Merle Fainsod (May 2, 1907 – February 11, 1972) was an American political scientist best known for his work on public administration and as a scholar of the Soviet Union. His books Smolensk under Soviet Rule, based on documents captured by the German Army during World War II, and How Russia is Ruled (also known as How the Soviet Union is Governed) helped form the basis of American study of the Soviet Union, and established him "as a leading political scientist of the Soviet Union." Fainsod is also remembered for his work in the Office of Price Administration and as the director of the Harvard University Library.
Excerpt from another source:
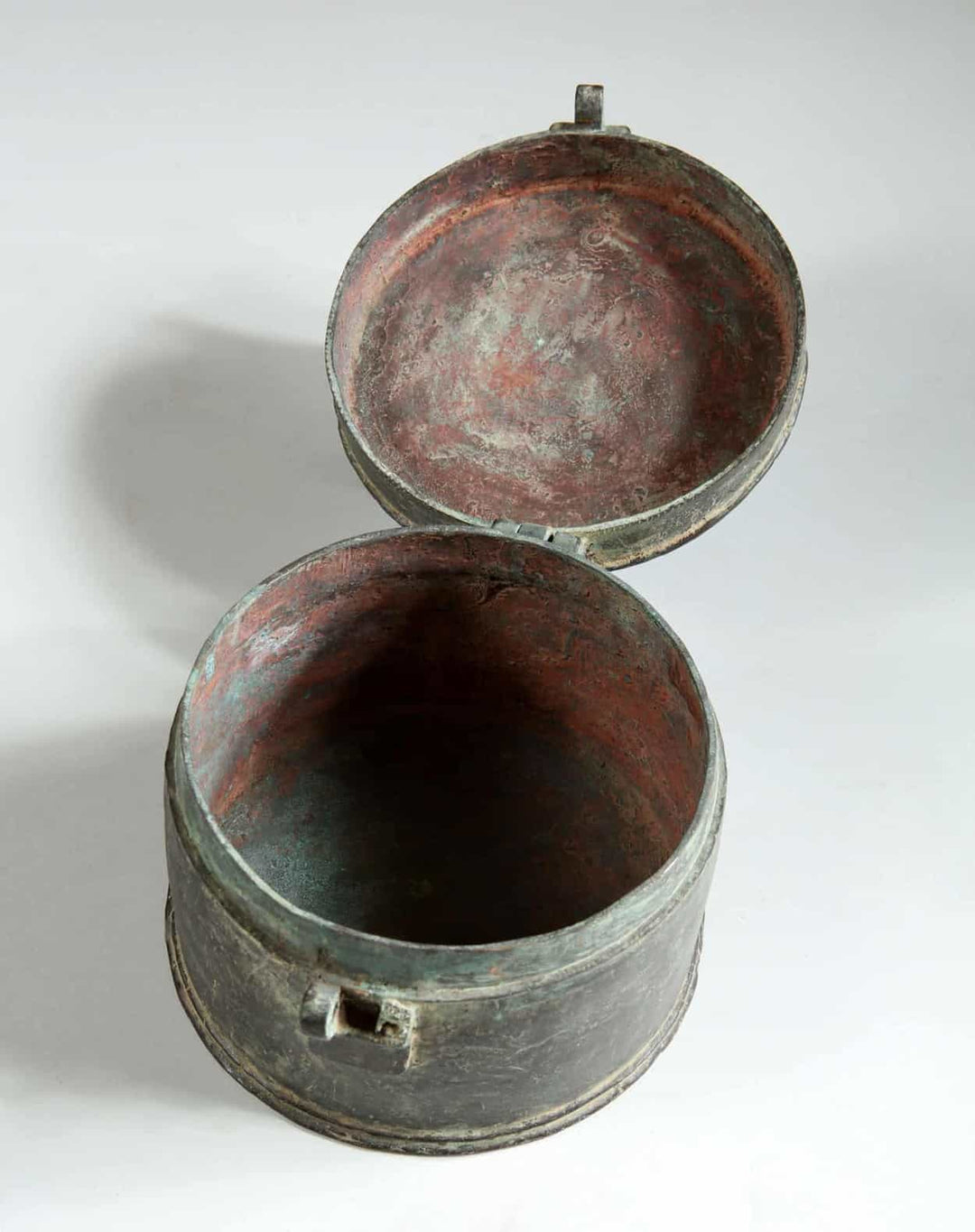 Open 19th century Indian circular bronze box with hinged lid from Collection EE10 displayed on white background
Fainsod was born in McKees Rocks, Pennsylvania on May 2, 1907, and spent his childhood years there. In 1920, after the death of his father, Fainsod's family moved to St. Louis. Fainsod attended Washington University in St. Louis, graduating in 1928 with a B.A. in political science and an M.A. in 1930. He then began his Ph.D at Harvard University in government, completing it in only 2 years.

In 1932, Fainsod traveled to the Soviet Union on a Sheldon Fellowship, gaining his first exposure to the country. In 1933, he returned to the United States and began teaching in the government department at Harvard. Upon his return to the United States he also married Elizabeth Stix, with whom he had two children.

Throughout the 1930s, most of Fainsod's work focused on the United States, and he published the books The American People and their Government and Government and the American Economy. Because of his expertise on American government, he was chosen as a staff member for the Brownlow Committee in 1936. In 1940, he was chosen as a consultant for the Temporary National Economic Committee, and in 1941, when America entered World War II, he was selected as a price executive for the Office of Price Administration(OPA). In April 1942, he was chosen to direct the retail trade and services division of the OPA.